L’operatore dovrebbe cercare di proporre ai genitori, per il loro figlio, innanzitutto l’inserimento in un ambiente normale, in quanto ogni bambino ha bisogno di normali relazioni affettive ed amicali. Per tale motivo farà in modo che la sua famiglia si occupi di lui senza ansie eccessive, senza paure, ma in maniera serena, intelligente e continua. Le eccessive preoccupazioni comportano infatti stress, confusione, stanchezza, depressione con conseguenti atteggiamenti educativi errati.

 Un figlio disabile necessita inoltre di due genitori realistici che non sottovalutino i problemi ma neanche li accentuino; pertanto necessita di due genitori gioiosi, in quanto la gioia è fondamentale nello sviluppo di ogni essere umano. Egli ha bisogno di due genitori dialoganti e affettuosi tra loro che sappiano e possano vivere con serenità l'amore all'interno della coppia e con tutti gli altri figli.

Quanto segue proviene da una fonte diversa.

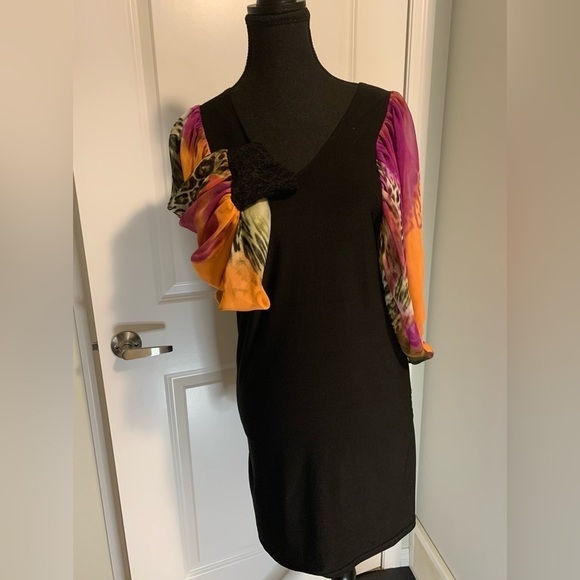 BCBG Maxazria ladies dress in size L BUT fits like a size small - Picture 2 of 12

I bambini disabili infatti, così come tutti i bambini, hanno bisogno di essere circondati da persone che si vogliano bene e che non riversino il loro bene soltanto su di loro; quindi necessitano di genitori che vogliano bene al loro figlio in modo fisiologico, senza morbosità, senza eccessi, senza una deleteria  iperprotettività.  É importante, infatti, che anche gli altri fratelli e familiari godano dell’apporto continuo e intenso di papà e mamma.

Il loro bambino, come tutti i bambini ha bisogno, inoltre, di vere amicizie, in cui vi sia scambio, affetto, dialogo, intesa, legame. Non sono amicizie vere quelle basate soltanto su sentimenti pietistici o per necessità di assistenza.

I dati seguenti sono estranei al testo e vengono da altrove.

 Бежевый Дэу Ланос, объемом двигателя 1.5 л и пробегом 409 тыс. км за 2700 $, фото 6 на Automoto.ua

Anche per quanto riguarda la difficile prospettiva di una futura attività lavorativa, necessità di lavoro vero. Un lavoro è tale quando vi è scambio tra prestazione e compenso, possibilità di integrazione, utilità per i singoli e per la società del servizio offerto. Un lavoro è vero, inoltre, quando riesce a sviluppare tra i vari addetti e tra il lavoratore e il suo datore, dinamiche e scambi positivi per tutti.